Sehe im i-net schon genug Trailer zu dem Spiel, finde aber nichts wirklich über den Release raus. Die Beta 3 soll jetzt bald im Juni starten. Da ich aber kein Beta Zocker bin, sondern eher der gelegentliche Spiele, werde ich daran nicht Teilnehmen und hätte es auch nie getan wenn ich es vorher gewusst hätte. 

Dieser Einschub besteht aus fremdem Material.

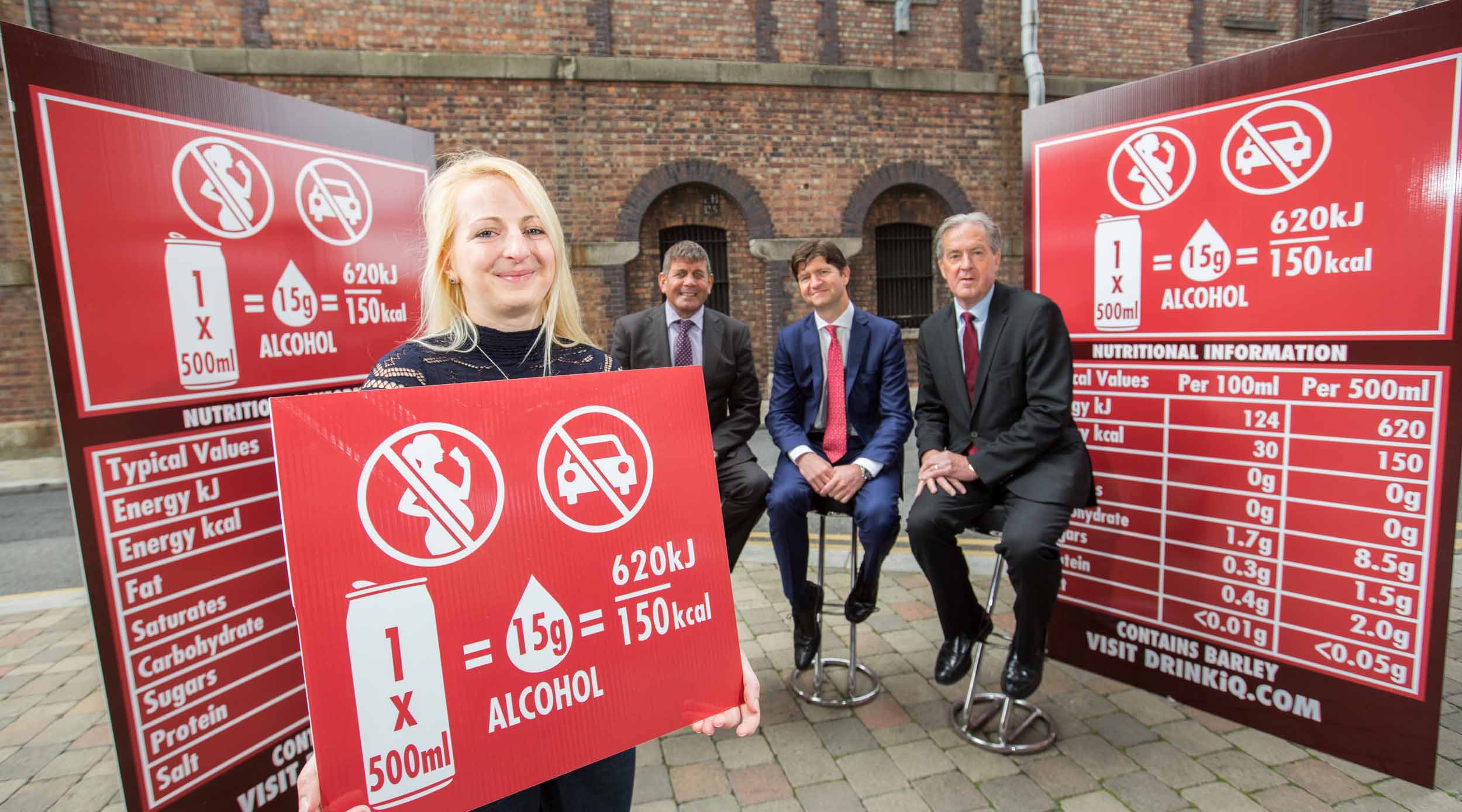 At the launch of Diageo Ireland’s new labelling standards (from left): Smithwicks’ Alexa Wolff, Minister of State at the Department of Agriculture, Food and the Marine Andrew Doyle, Diageo Ireland Country Director Oliver Loomes and Bord Bia Chief Executive Aidan Cotter.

Ich hoffe mal A Realm Reborn wird wirklich gut und es macht mehr Spaß als WoW. Habe im Moment WoW mal wieder raus gekramt und Zocke es fleißig, aber das Spiel ist mehr oder weniger durch gekaut und Blizzard verschlechtert das Spiel zunehmend, meiner Meinung nach! Daher will ich mal etwas neues komplett anderes Spielen und da kommt mir Final Fantasy doch recht gelegen. Die Trailer, die ich bissher alle gesehen haben, gefallen mir sehr gut. 

Nur wie lange muss man noch darauf warten?


----------



## Jor-El (2. Juni 2013)

Also bei Amazon steht 23. August.


----------



## Avanarian (13. Juni 2013)

Am 27.08.2013 kommt es für PC und PS3 auf den Markt, ab Freitag 09:00 Uhr UMT beginnt die 3. Betaphase.


----------



## Jan565 (14. Juni 2013)

Die Beta habe ich jetzt auch endlich, aber irgendwie kann ich die noch nicht starten. Jetzt müsste ich mal wissen wie die Umrechnung noch war


----------



## mauhdl (14. Juni 2013)

Ja hab die beta auch und kom noch nicht rein?


----------



## mauhdl (14. Juni 2013)

So hab die beta mal auf da ps3 getestet und muss sagen ist zimlich gut für eine ps3 version


----------



## mauhdl (14. Juni 2013)

Da kann sich defiance für die play vestecken


----------



## mauhdl (14. Juni 2013)

Wie lange ist die beta on bis montag oda so??


----------